Sore hari di pantai Melur, pantai dengan pasir putih dan air biru jernih yang terletak di pesisir kota Batam. Pantai ini memang tidak seramai pantai-pantai ikonik lainnya seperti Kuta yang rame oleh pelancong asing, tapi pantai Melur ini cukup ramai dikunjungi para wisatawan domestik yang membutuhkan waktu bersantai bersama keluarga.
Milly memandangi birunya air yang terhampar sejauh mata memandang, hari ini rumah makan yang dia jaga sangat sepi pengunjung, makanya dia bisa berleha-leha untuk sejenak.

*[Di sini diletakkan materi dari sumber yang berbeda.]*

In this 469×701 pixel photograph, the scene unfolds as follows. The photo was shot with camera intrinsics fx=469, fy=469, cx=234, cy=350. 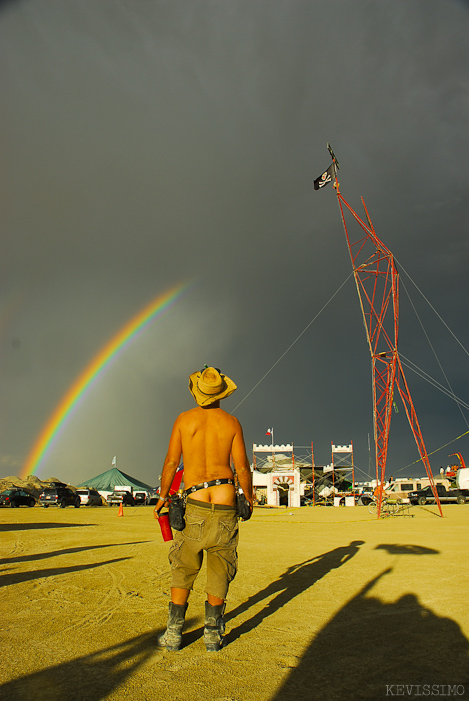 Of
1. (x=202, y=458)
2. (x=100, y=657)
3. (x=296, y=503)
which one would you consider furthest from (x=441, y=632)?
(x=296, y=503)

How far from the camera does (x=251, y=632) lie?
4438 millimetres

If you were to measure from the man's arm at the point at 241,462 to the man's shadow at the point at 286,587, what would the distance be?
4.21 feet

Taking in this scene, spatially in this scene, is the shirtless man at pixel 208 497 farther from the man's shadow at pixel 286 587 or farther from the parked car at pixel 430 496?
the parked car at pixel 430 496

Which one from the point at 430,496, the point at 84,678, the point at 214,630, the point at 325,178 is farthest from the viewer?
the point at 430,496

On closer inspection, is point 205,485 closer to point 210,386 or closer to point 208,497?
point 208,497

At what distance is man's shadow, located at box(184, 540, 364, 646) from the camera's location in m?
4.54

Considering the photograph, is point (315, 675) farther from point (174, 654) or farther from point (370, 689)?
point (174, 654)

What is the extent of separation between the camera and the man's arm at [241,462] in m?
4.45

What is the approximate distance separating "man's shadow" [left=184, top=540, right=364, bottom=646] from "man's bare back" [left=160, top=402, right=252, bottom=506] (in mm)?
1276

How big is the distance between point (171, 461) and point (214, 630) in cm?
148

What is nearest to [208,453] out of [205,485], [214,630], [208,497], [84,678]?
[205,485]

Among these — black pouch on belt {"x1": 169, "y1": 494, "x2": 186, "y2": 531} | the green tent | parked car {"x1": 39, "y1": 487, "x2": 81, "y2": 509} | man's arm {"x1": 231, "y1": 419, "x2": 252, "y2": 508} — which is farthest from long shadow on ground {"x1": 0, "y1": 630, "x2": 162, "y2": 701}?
the green tent

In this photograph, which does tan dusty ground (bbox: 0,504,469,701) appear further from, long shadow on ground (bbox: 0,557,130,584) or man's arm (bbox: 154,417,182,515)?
man's arm (bbox: 154,417,182,515)

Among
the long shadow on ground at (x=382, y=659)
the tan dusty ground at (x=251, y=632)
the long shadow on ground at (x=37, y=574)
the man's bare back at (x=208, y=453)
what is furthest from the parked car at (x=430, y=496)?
the man's bare back at (x=208, y=453)
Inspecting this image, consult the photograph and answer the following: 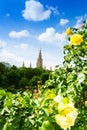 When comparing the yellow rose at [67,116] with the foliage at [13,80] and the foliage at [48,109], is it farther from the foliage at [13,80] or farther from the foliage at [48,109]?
the foliage at [13,80]

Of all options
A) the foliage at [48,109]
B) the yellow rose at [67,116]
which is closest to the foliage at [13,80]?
the foliage at [48,109]

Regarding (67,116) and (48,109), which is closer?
(67,116)

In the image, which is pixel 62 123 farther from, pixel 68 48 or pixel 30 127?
pixel 68 48

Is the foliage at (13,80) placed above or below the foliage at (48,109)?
above

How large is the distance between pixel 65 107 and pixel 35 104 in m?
0.60

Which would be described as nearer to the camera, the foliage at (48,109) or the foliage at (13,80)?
the foliage at (48,109)

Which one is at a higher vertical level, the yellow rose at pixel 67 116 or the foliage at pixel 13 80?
the foliage at pixel 13 80

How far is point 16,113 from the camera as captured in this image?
2.73m

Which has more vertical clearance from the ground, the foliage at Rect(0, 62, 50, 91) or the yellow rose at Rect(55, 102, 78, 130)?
the foliage at Rect(0, 62, 50, 91)

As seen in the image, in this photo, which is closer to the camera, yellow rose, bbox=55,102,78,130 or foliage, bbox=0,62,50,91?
yellow rose, bbox=55,102,78,130

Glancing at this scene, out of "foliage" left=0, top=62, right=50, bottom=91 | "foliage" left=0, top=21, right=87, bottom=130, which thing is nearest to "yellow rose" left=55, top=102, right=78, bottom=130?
"foliage" left=0, top=21, right=87, bottom=130

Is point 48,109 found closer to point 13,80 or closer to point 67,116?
point 67,116

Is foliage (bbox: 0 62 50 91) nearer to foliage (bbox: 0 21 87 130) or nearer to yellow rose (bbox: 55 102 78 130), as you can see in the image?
foliage (bbox: 0 21 87 130)

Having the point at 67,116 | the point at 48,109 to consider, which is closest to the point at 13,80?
the point at 48,109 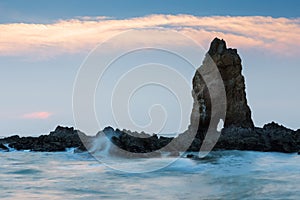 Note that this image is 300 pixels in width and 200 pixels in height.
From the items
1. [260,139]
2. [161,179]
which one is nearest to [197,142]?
[260,139]

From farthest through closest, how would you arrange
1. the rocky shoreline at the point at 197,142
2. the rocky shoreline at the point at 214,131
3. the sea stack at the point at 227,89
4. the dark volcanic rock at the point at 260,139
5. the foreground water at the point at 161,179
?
1. the sea stack at the point at 227,89
2. the rocky shoreline at the point at 214,131
3. the dark volcanic rock at the point at 260,139
4. the rocky shoreline at the point at 197,142
5. the foreground water at the point at 161,179

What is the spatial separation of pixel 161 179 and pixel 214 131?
17.6 m

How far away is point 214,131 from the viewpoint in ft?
126

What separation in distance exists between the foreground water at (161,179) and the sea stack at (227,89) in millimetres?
8931

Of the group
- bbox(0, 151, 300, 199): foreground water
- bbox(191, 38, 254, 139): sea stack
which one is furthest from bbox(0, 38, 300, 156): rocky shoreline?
bbox(0, 151, 300, 199): foreground water

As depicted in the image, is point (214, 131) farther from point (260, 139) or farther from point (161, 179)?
point (161, 179)

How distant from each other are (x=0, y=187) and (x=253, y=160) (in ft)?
49.4

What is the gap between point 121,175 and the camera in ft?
75.5

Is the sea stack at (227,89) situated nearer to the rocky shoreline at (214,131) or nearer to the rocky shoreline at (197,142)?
the rocky shoreline at (214,131)

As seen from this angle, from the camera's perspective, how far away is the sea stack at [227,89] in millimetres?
39719

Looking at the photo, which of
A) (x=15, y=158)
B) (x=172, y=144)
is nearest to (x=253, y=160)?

Saat menatap hamparan laut itu banyak sekali yang dia pikirkan. Namun, keindahan ini sama sekali tidak mengurangi beban hidup yang dia pikul selama ini. Dia ingin ibunya sembuh. Ibu divonis mengidap kanker darah stadium akhir, sebenarnya mustahil untuk ibu bisa bertahan lebih lama tapi Milly sangat ingin memberikan pengobatan terbaik untuk ibunya.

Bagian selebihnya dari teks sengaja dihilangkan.